Senate OKs $50 limit on anonymous campaign contributions
Published: February 12, 2013 01:20PM
Updated: February 21, 2013 09:29PM

The Utah State Senate voted overwhelmingly Tuesday to prohibit anonymous campaign contributions in excess of $50 and require anonymous donations over that amount to be donated to a nonprofit or charitable organization.

Sen. Peter Knudson, R-Brigham City, sponsored HB38 with the intent of raising the cap on anonymous contributions to $100, but Sen. John Valentine objected and suggested the limit should be lowered to $25 to improve transparency.

“I can tell you one of the reasons we don’t have abuse is because we have a $50 requirement,” Valentine, R-Orem, said. “We’re [discussing] doubling that. In the future, it leads to more potential for abuse. I think we’re all about transparency. We have to live and die on what we disclose to the voters of the state.”

He picked up an ally in Sen. Jim Dabakis, D-Salt Lake City, who said the amounts were small in comparison to “hundreds of thousands of dollars” in other campaigns but said the Senate should adopt the lower limit as a symbolic gesture toward more open disclosure.

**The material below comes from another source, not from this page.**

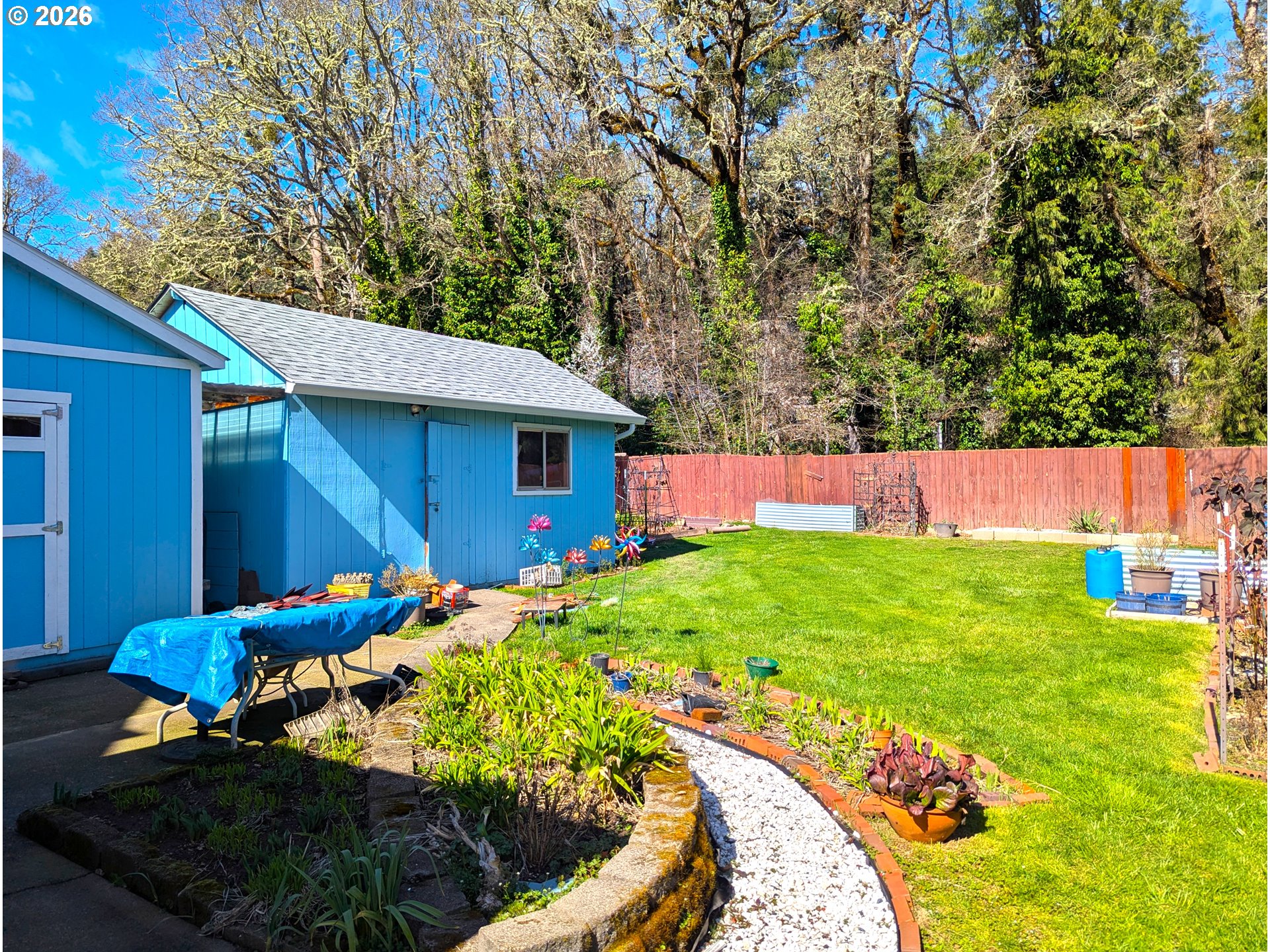 48379 7th Street Oakridge, OR 97463 - Photo 4 of 5 a view of backyard with seating area and green space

The measure originated with Rep. Kraig Powell, R-Heber City, and was passed — with the $100 figure in place — by the House in January on a vote of 64-7.

The Senate approved the $50 ceiling on anonymous donations 28-1. But not before a spirited debate on the floor that lasted for close to 30 minutes.

Sen. Curt Bramble, R-Provo, said he had pored over hundreds of campaign reports to see where abuses might have occurred under the existing $50 prohibition and said he couldn’t find any. He pointedly asked Valentine during the debate over a $25 limit if the Orem Republican could produce any examples of abuse.

Valentine said he couldn’t, but believed the $25 requirement would move campaigns toward more transparency while $100 moved “in the wrong direction.”

Sen. Luz Robles, D-Salt Lake City, took issue with another aspect of the bill, saying that requiring an aggregate total equaling $25 could be onerous to track when at events where many people might give $5 at a time. She supported the final proposal keeping it at $50.

Sen. Margaret Dayton, R-Orem, a staunch supporter of raising the limit to $100, was the only senator to vote against the bill. Dayton said she felt the $100 offered donors protection — notably those “who played both sides of the race.”

The bill now goes back to the House with the amendments.